Something possessed me the past few days to reread Pat Frank's nuclear holocaust novel Alas, Babylon, which was an assigned text in 11th grade English, for me circa 1985. At the time I recall finding it both thrilling and horrifying, while this time I found it somewhat quaint; whether this says more about me or about the change in global politics or narrative trends I'm not sure.

Alas, Babylon is fifty years old this year, as is its SF cousin extraordinaire, Walter Miller, Jr.'s quasi-Catholic A Canticle for Leibowitz. There is something about such apocalyptic stories that inspire Biblical references and religious expostulations. Indeed, around the time that I read Alas, Babylon a quarter century ago at an impressionable age I also found myself in a death struggle of sorts with the Southern Baptist teachings that I had equivocally experienced until that time. The notion that the world can change in an instant--unpredictably, whether for good or for ill--is appalling and intolerable. Some forces are of too great a magnitude to be comprehended on a human scale.

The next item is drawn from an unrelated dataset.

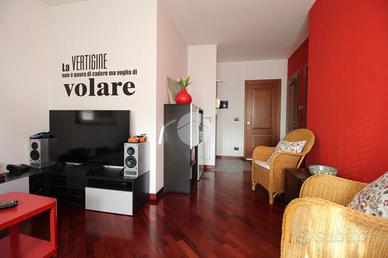 4 LOCALI A MONCALIERI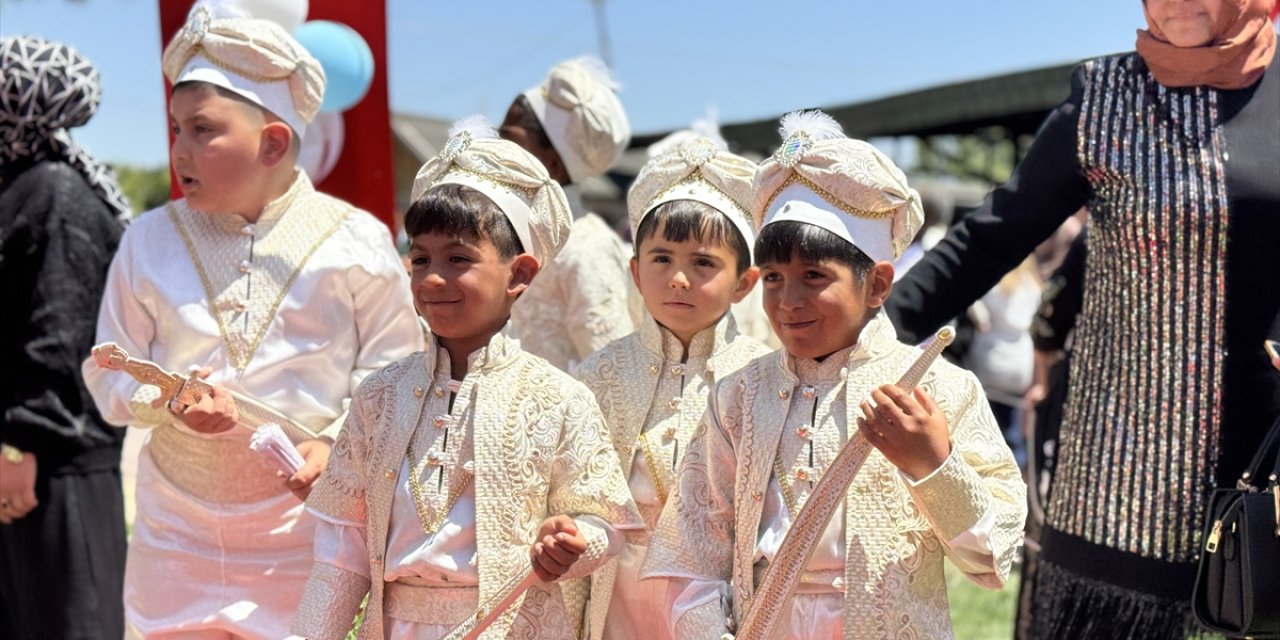 Konya'da 529 yıldır bu şart yerine getiriliyor! Aynı tarihte düzenleniyor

Frank's novel probably appealed for one reason because it was set in central Florida, in the drolly fictional town of Fort Repose; somehow one does not associate radiation poisioning with palm trees. Much about the book evokes mid-century American culture: a certain smug can-do attitude even amid the horror, a preoccupation with race relations, and the way in which women anchor domestic life. The very context of a small town--beyond the expediency of a setting in which all of the potential characters haven't already been vaporized--seemed tailor-made to demonstrate the virtues of communal spirit. Barbarism occurs, but in measured forms, and off-stage.

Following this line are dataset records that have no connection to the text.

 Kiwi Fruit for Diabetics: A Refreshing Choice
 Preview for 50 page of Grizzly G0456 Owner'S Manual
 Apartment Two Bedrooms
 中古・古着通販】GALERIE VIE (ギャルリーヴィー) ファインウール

The 1980's, as I recall the period at least, presented an ambiguous threat. The notorious height of the nuclear nightmare was a generation gone, and yet the danger was as present as ever. The age of Reagan was vaguely brisk and invigorating, but for the same reason unsettling; the Soviets seemed to be descending into torpor, but that very fact could foster unthinkable risk. Might the Soviet Union lapse into such decrepit and desperate backwardness that it would have virtually nothing to lose by unloosing its venom in a cataclysmic act of resentment against the West? The made-for-TV movie The Day After appeared in 1983.

Many apocalyptic storylines presented holocaust as arising from a long, if improbable, string of geopolitical tensions, reactions, and counter-reactions. For some reason I always envisioned The Day (as it is forever known in Alas, Babylon) as arising, if it ever did, abruptly and absurdly, not from an overcompensation for comprehensible provocations, but from a mechanical error, or from some psychotic fool pushing the wrong button at the wrong time, a la Dr. Strangelove. No doubt this dread arose from ignorance of what I'm sure are countless safeguards against the ultimate malfunction, but I saw the situations as two men prancing indefinitely on a high-wire; the greatest hazard came not from one deliberately pushing the other off, but from the recklessness of the basic setup.

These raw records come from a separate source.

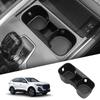 For Chery Tiggo7 Tiggo8 2024 2025 Tiggo7 PLUS 2023-2025 Not Applicable for Flip Style Central Console Cup Holder Box Tidy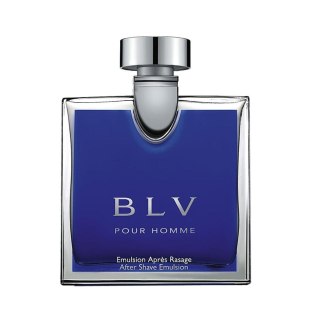 BLV Pour Homme emulsja po goleniu 100ml Bvlgari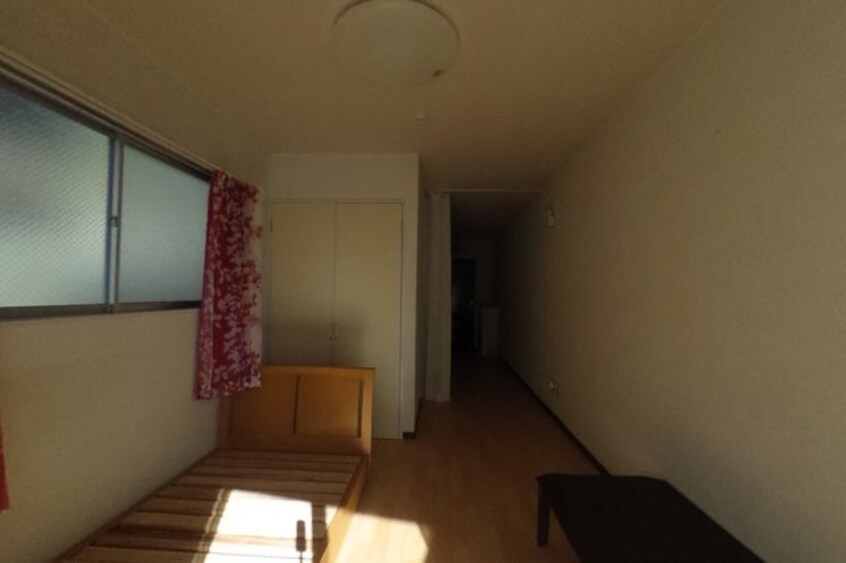 2020年2月撮影 MORIKIハイツ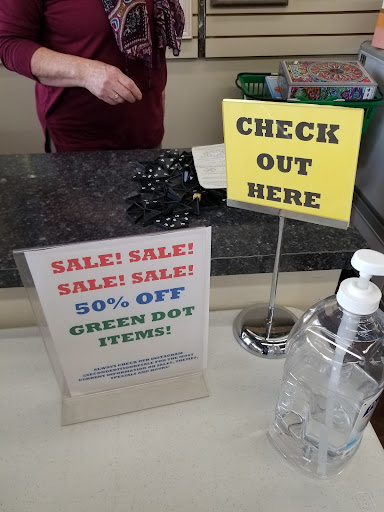 Thrift Store «Second Edition Resale Shop», reviews and photos, 12505 NW Cornell Rd #13, Portland, OR 97229, USA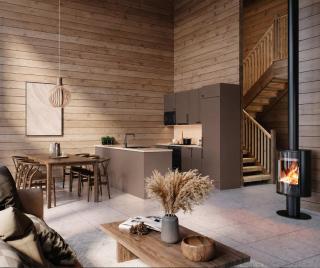 Villa Ounas B by Hilla Villas - 5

Now we worry about Iran, about dirty bombs, about terrorists obliterating a city or two. This would be horrifically disastrous. And yet the menace of U.S.-Soviet mutually assured destruction is still, theoretically of course, present. I recall dreaming and daydreaming as a teenager about the second sun on the horizon, the mushroom cloud; my soon-to-be teenaged daughter will be spared these reflections, hopefully, whereas for my younger son these things are curiosities on Youtube, and the greatest thing to fear is the collapse of skyscrapers. Yet all those missiles are still out there, waiting to go, as ready now as they or there predecessors ever were.

Compared to Cormac McCarthy's The Road of a couple of years ago, Alas, Babylon is like a holiday fireworks display. The Road features a man and his son who, beyond numb with deprivation, make their way through an American landscape that has been burnt and scoured as clean as the moon, in which the only sources of nourishment are scavenged canned goods and cannibalism. It is ironic that the actual horrors of our time are borne ambiguously in Afghanistan, forgotten by perhaps the majority of Americans, whereas the fictional horrors of the time, now mainstream narrative tastes, would have turned stomachs in 1959. Are we wiser, or merely more cynical?